EXERCISE REQUIREMENTS ▸
Word for word, retype the lines from the one containing "Take a photo" to the one containing "Continue heating the" below, keeping both end lines and dropping the pictures.

DATA FOR THIS TASK ▸
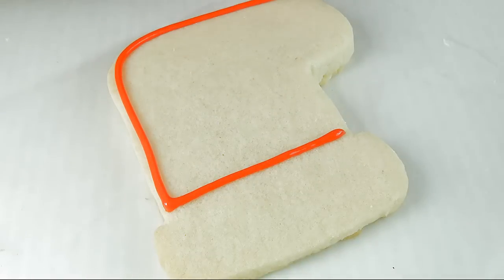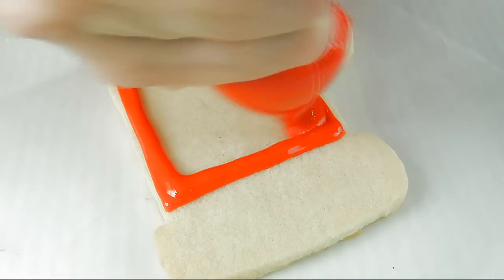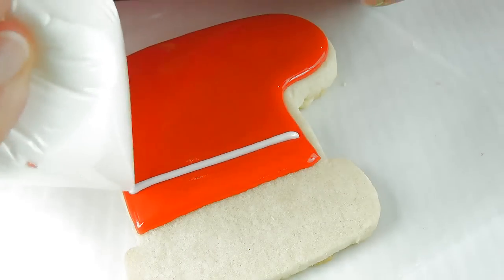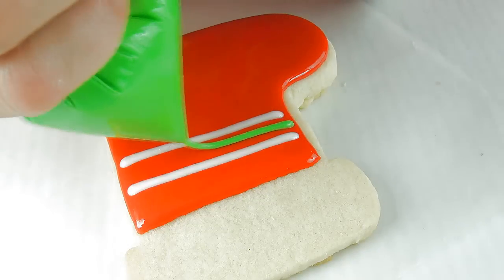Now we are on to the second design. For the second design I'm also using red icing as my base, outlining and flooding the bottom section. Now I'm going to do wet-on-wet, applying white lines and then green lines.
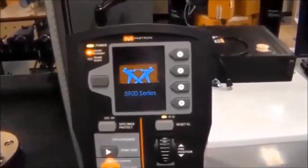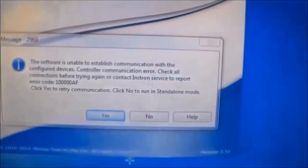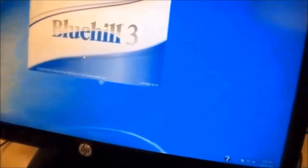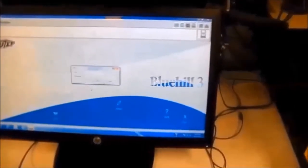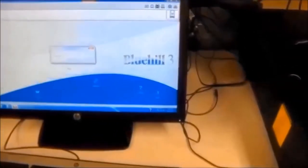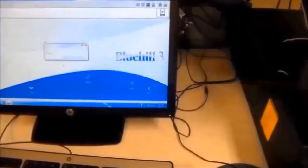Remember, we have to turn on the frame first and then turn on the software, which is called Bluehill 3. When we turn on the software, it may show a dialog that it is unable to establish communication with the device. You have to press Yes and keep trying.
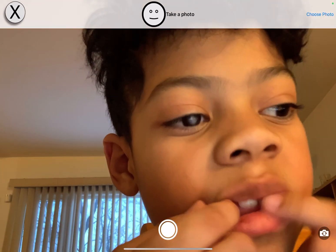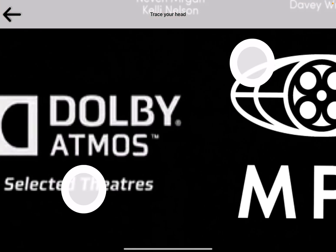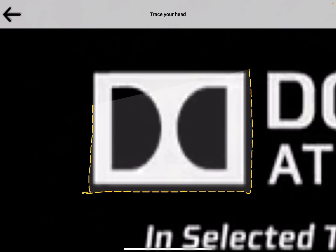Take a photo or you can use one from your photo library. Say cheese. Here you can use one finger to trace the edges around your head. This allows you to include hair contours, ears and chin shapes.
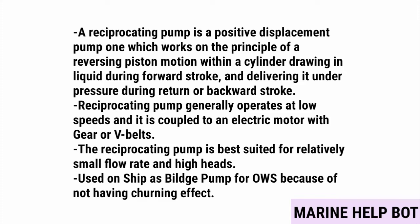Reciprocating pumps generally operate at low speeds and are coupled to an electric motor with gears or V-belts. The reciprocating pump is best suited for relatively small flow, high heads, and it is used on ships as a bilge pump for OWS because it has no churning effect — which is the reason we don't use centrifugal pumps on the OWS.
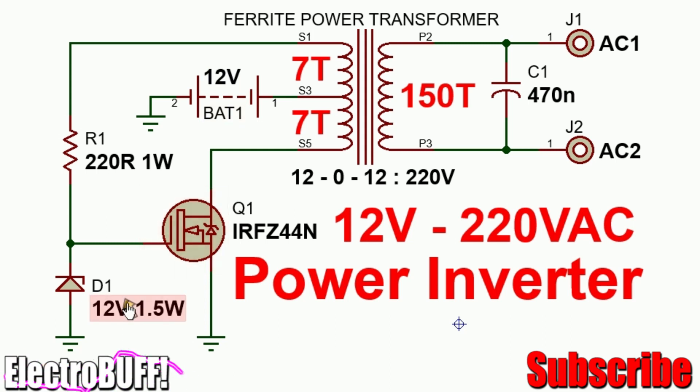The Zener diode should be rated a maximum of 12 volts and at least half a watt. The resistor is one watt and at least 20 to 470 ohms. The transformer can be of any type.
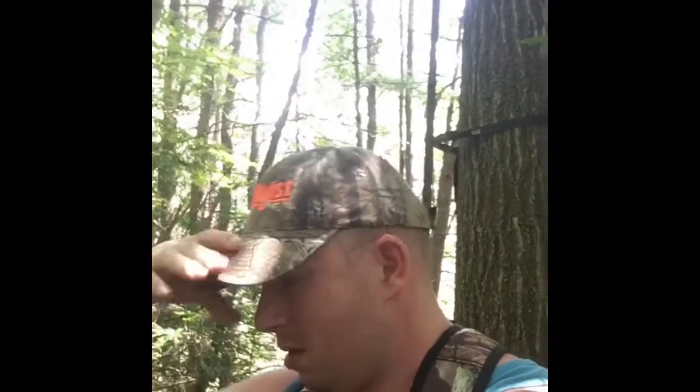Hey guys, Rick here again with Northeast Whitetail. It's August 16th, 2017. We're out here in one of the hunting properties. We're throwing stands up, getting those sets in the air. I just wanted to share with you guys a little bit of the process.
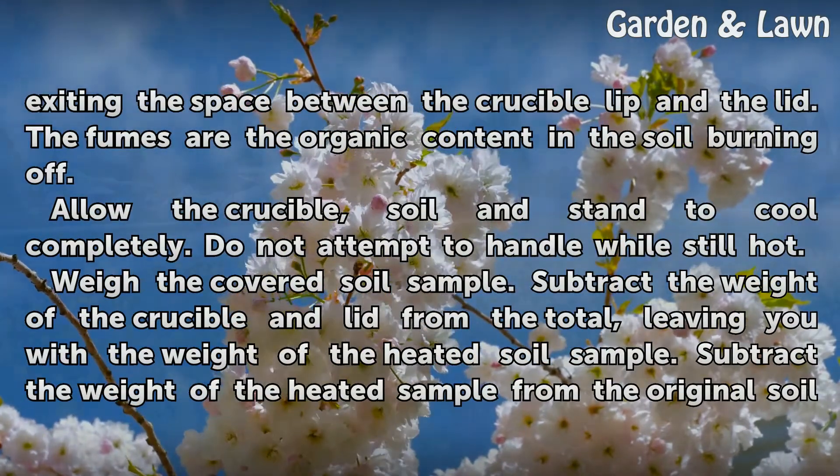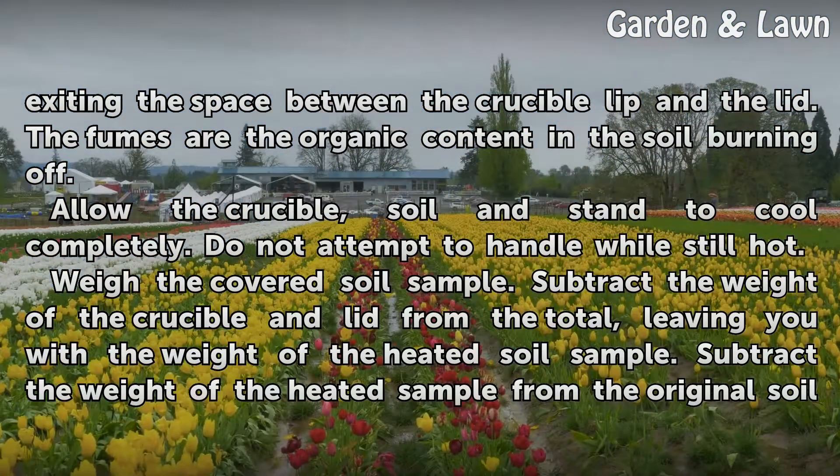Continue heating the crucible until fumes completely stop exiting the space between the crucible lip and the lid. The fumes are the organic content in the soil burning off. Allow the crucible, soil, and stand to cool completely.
==
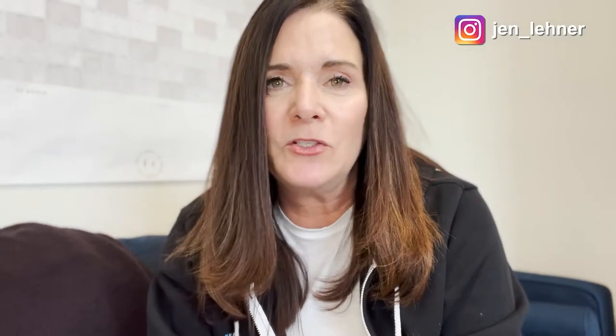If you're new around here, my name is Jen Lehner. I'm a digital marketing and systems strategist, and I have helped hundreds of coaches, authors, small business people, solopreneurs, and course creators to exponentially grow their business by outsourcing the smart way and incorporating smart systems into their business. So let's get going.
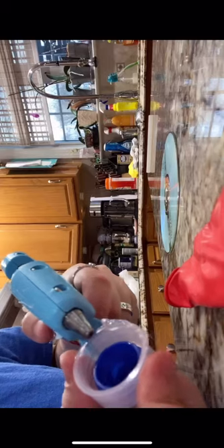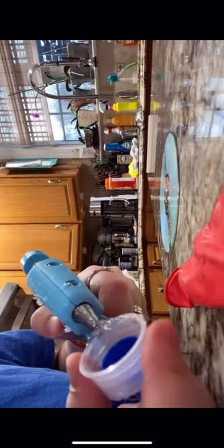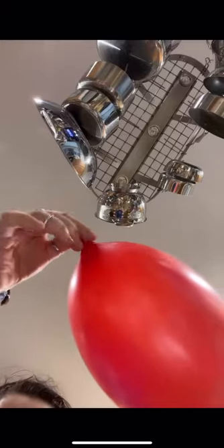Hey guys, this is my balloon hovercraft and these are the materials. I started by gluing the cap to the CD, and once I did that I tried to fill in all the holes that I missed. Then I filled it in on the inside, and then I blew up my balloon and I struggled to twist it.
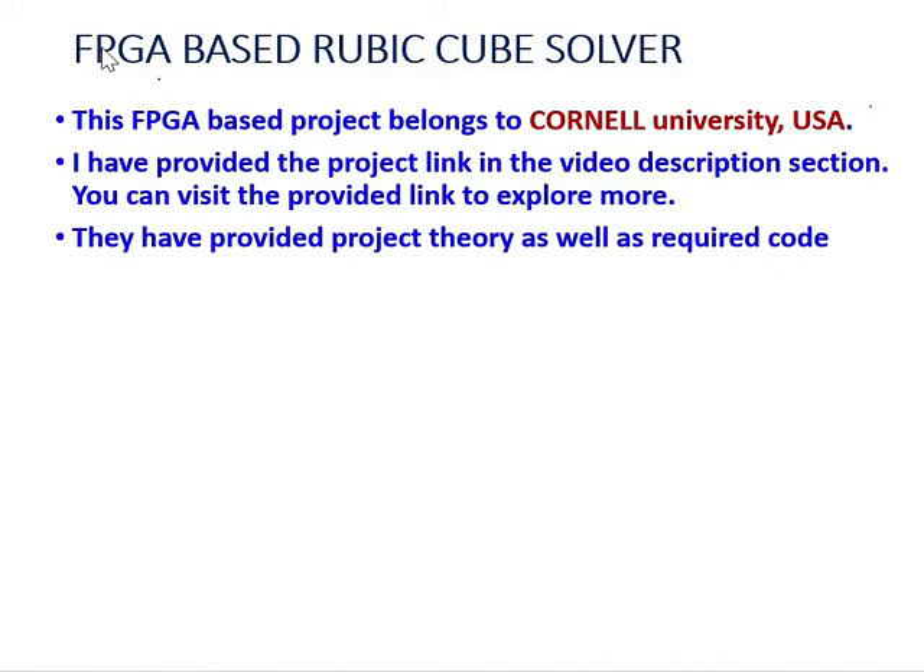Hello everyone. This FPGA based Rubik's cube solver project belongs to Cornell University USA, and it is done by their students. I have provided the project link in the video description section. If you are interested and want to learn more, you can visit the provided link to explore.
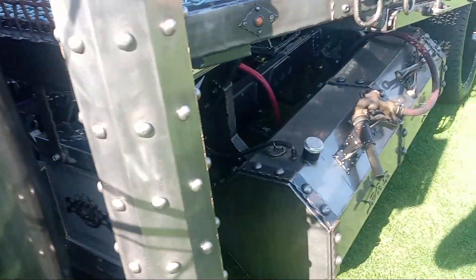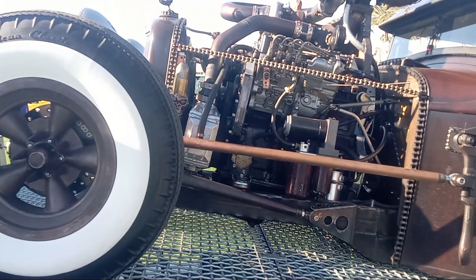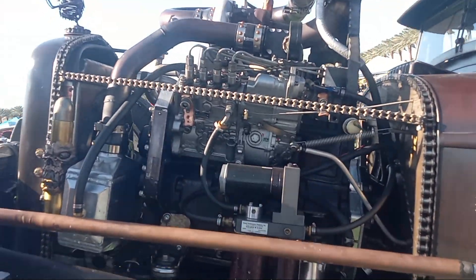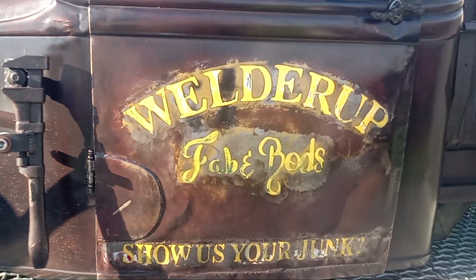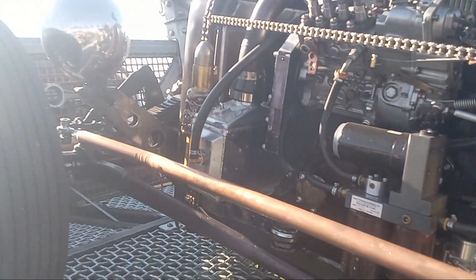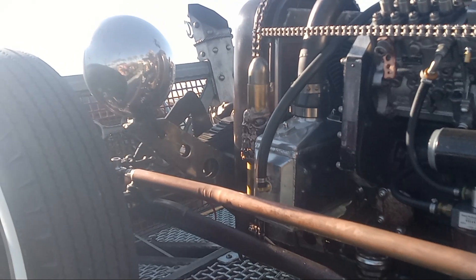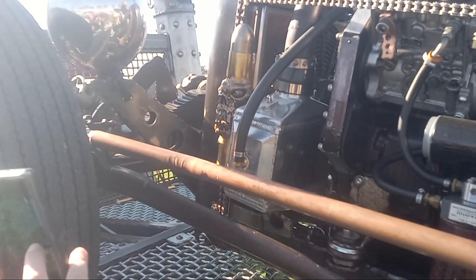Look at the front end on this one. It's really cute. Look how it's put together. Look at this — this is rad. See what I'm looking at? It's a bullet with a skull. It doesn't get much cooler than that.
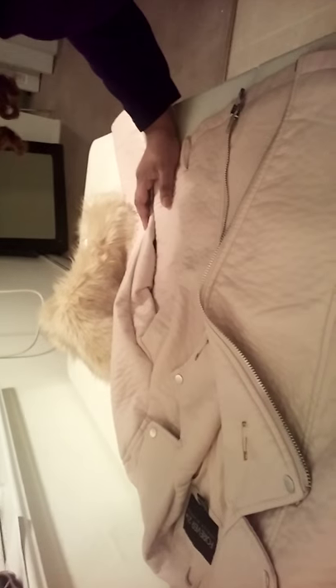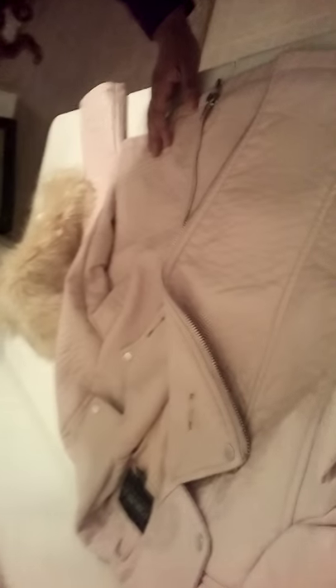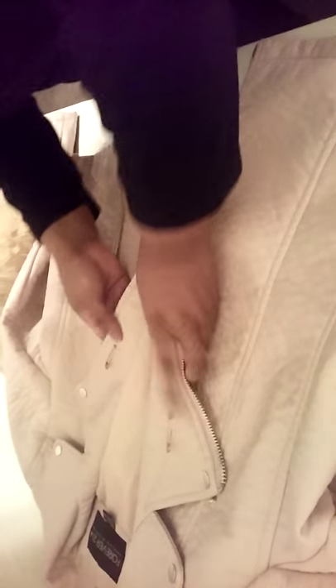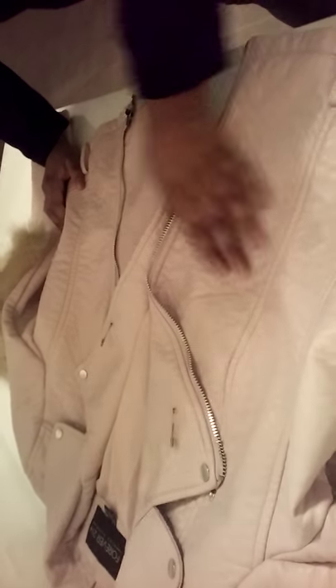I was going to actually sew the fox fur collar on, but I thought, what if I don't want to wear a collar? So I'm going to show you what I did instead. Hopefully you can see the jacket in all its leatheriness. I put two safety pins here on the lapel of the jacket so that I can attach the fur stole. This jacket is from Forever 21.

FINISHED EXERCISE ▸
Take a photo or you can use one from your photo library. Say cheese. Here you can use one finger to trace the edges around your head. This allows you to include hair contours, ears and chin shapes.
Reciprocating pumps generally operate at low speeds and are coupled to an electric motor with gears or V-belts. The reciprocating pump is best suited for relatively small flow, high heads, and it is used on ships as a bilge pump for OWS because it has no churning effect — which is the reason we don't use centrifugal pumps on the OWS.
The Zener diode should be rated a maximum of 12 volts and at least half a watt. The resistor is one watt and at least 20 to 470 ohms. The transformer can be of any type.
Hey guys, Rick here again with Northeast Whitetail. It's August 16th, 2017. We're out here in one of the hunting properties. We're throwing stands up, getting those sets in the air. I just wanted to share with you guys a little bit of the process.
Continue heating the crucible until fumes completely stop exiting the space between the crucible lip and the lid. The fumes are the organic content in the soil burning off. Allow the crucible, soil, and stand to cool completely.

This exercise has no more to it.